*** Information supplied Section Begins ***

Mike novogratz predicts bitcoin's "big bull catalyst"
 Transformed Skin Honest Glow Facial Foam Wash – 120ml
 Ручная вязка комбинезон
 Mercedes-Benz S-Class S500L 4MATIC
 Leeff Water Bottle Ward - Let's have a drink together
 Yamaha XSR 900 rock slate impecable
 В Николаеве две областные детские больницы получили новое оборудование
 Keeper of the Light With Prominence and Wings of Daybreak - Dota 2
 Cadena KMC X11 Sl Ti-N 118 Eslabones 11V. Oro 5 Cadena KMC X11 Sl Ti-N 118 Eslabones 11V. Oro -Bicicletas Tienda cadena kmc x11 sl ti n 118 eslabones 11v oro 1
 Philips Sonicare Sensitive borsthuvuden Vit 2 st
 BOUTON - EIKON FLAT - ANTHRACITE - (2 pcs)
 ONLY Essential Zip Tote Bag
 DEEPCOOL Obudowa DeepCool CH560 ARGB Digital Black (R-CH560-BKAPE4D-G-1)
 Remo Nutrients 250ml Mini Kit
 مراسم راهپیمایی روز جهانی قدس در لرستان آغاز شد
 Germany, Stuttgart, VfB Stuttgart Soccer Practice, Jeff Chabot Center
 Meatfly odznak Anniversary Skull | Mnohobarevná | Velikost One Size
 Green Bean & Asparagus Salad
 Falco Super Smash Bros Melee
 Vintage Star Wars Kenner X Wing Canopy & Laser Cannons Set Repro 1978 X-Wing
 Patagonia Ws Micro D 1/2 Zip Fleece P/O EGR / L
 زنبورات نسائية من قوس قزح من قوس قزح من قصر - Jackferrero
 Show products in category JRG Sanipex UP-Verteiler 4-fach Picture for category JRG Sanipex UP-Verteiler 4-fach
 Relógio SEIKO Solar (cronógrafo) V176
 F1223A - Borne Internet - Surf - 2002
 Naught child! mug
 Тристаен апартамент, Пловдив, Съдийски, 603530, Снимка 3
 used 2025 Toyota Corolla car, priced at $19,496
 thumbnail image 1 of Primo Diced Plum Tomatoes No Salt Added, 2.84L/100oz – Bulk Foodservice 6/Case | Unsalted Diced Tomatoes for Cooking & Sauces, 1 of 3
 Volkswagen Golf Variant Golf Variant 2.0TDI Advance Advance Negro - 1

*** Information supplied Section Ends ***

— Task details —
An exact copy of the line containing "Relógio SEIKO Solar (cronógrafo) V176" and all lines after it, through the last line of the entries, is the required answer.

— Task solution —
 Relógio SEIKO Solar (cronógrafo) V176
 F1223A - Borne Internet - Surf - 2002
 Naught child! mug
 Тристаен апартамент, Пловдив, Съдийски, 603530, Снимка 3
 used 2025 Toyota Corolla car, priced at $19,496
 thumbnail image 1 of Primo Diced Plum Tomatoes No Salt Added, 2.84L/100oz – Bulk Foodservice 6/Case | Unsalted Diced Tomatoes for Cooking & Sauces, 1 of 3
 Volkswagen Golf Variant Golf Variant 2.0TDI Advance Advance Negro - 1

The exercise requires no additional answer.